沈憶姝麻利的掃碼付錢,甜甜的對老板娘說:“付好啦。”
“好的,你們是……朋友嗎?”
“喔,我們是鄰居。”
老板娘笑的意味深長,“那你們關系真好。”
沈憶姝也不知道自己為什麼臉越來越燙了,她含糊著說:“鄰居之間,互相幫助嘛,點頭之交,哈哈哈。”
買好東西,兩人一起上樓。
電梯里燈光明亮。
溫年看了好幾次沈憶姝,給沈憶姝都看緊張了。
她摸了摸臉,“我臉上有東西嗎?”
“沒有,但你是不是著涼了?臉很紅。”
沈憶姝心跳一窒,臉上的溫度又升高了。
“更紅了,耳根也是。”
沈憶姝,“閉嘴。”
溫年:“……”
回到所住的那一層,沈憶姝突然不太想進家門了。
寫的文完結后,無聊起來她老是覺得很孤獨,可能是快來大姨媽了所以有點敏感。
溫年看著她慢吞吞的開門,心思微動,鬼使神差的來了句,“沈憶姝,你會打游戲嗎?”
“什、什麼游戲?”
……
然后事情的發展就是,沈憶姝換好衣服后就進了溫年的家。
溫年的鞋架上有新的拖鞋,只不過都是男士的,沈憶姝穿起來很大。
換鞋的時候,沈憶姝就看見自己當初送的夜燈被插在了墻上的插頭上。
沈憶姝盯著它愣住了。
溫年也愣住了,他怎麼忘記還有這個東西了。
沈憶姝強忍笑意,“還是挺好看的對吧?”
溫年繃著臉不說話。
沈憶姝不敢再逗他了,免得他待會兒破防。
她換好鞋進去,就見兩份云吞已經全部打開放在桌子上了。
兩人沉默著吃完。
沈憶姝問:“玩什麼游戲啊?”
“你看看你會玩什麼。”
溫年拿出一個箱子,里面裝著很多游戲光盤,有單人的、雙人的和多人的。
單人的一看就經常被人打開過,想來溫年在這里沒少玩。
應該是玩膩了所以才邀請她來玩。
其實沈憶姝對這些了解的不多,但她還是硬著頭皮選了個她還算會的。
就是一個很簡單的闖關游戲,越到后面BOSS越難打。
結果就是,她一路躲在溫年身后,什麼也沒干,偶爾還拖后腿。
所幸溫年沒有嫌棄她,反而還打得起勁,偶爾還調侃她幾句,否則她真的要挖個洞把自己給埋了。
*
幾天后。
鹿城的夜晚更涼了,風里都裹挾著冬天的刺骨。
鹿城監獄的門外,停著一輛車身流暢的勞斯萊斯。
陸崢野坐在后座上閉目養神。
副駕駛座上的魏青視線不離門口,他疑惑的道:“陸霽通不是應該下午就出獄了嗎?怎麼現在還不見人影啊?難道我們消息有誤?”
陸崢野手指搭在車窗上有規律的敲著,似乎在思考。
隨后他睜開了眼睛,道:“時間不會錯,前面有人比我們還著急呢。”
魏青聽罷看向前去,前面停著的一輛豪車里已經下來了一個人,居然是陸默川。
“陸家也派人來了?老大,陸霽通會跟我們走嗎?”
“不知道。”
陸崢野說完又閉上了眼睛。
魏青知道他最近睡得少,所以沒有再出聲打擾,而是繼續盯梢。
陸默川比陸崢野來的還要早,但也一直等不到人,如果不是他知道爺爺做事謹慎,恐怕都會覺得爺爺記錯時間了。

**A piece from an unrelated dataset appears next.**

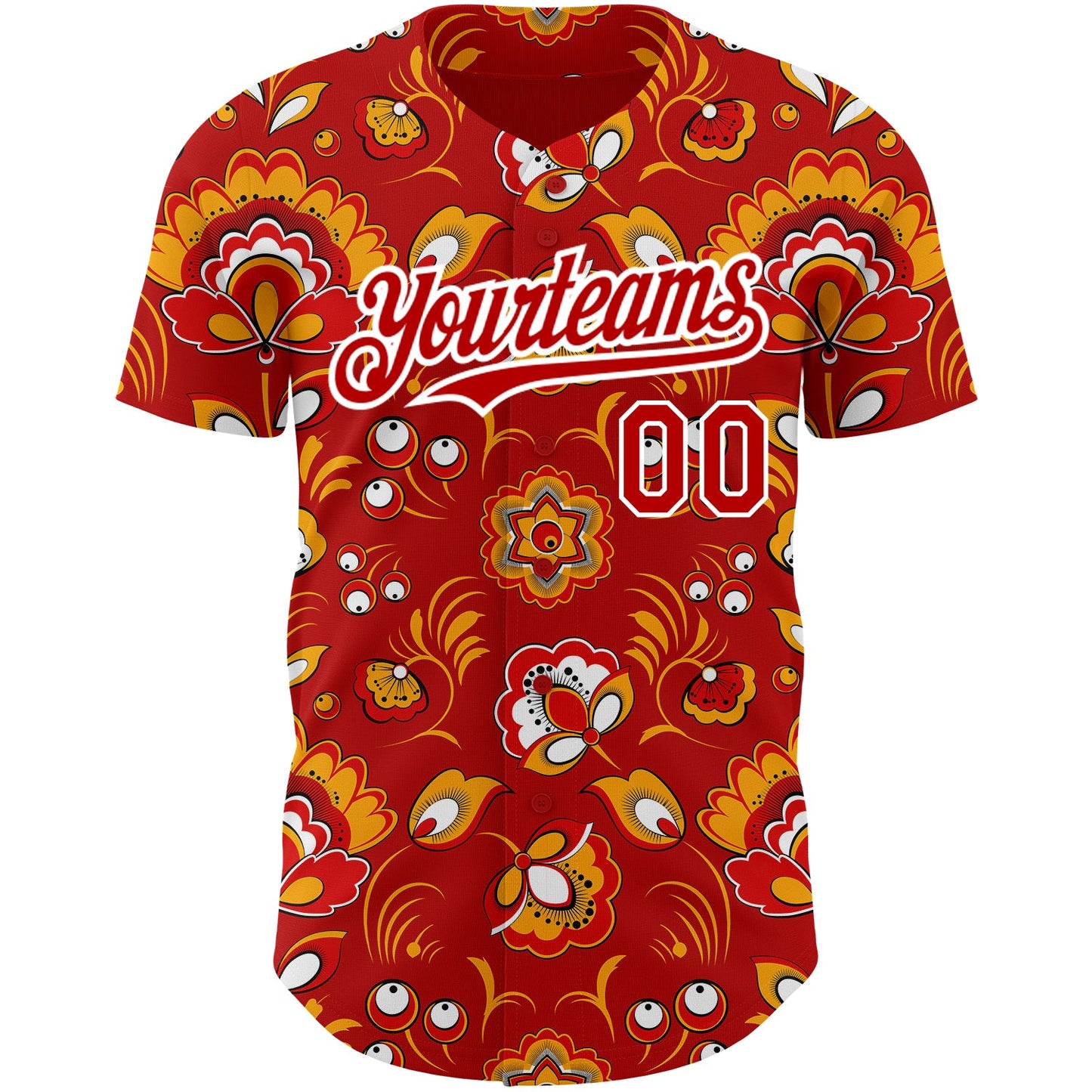 Custom Red White 3D Pattern Design Northeast China Big Flower Authentic Baseball Jersey view 2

監獄里,獄警出來看到人還沒走,就上前去道:“嘿,你這個人真是奇怪,別人都巴不得離開這里,怎麼到你這還賴上了?”
“無家之人,無處可去。”說話的人剃著寸頭,但還是看到他的頭發連發根都白透了,滄桑的仿佛上了年紀的老人。
獄警心生不忍,從口袋里拿出了幾張鈔票,“有手有腳的,出去收拾收拾自己,找份安穩的工作,幾十年交代在這里了,總不能再把剩下的時間虛度了吧?”
陸霽通雙目無神,沒有說話。
獄警把鈔票塞在他的手里,“走吧,我送你出去。”
陸霽通被扶著站了起來,一瘸一拐的往外走去。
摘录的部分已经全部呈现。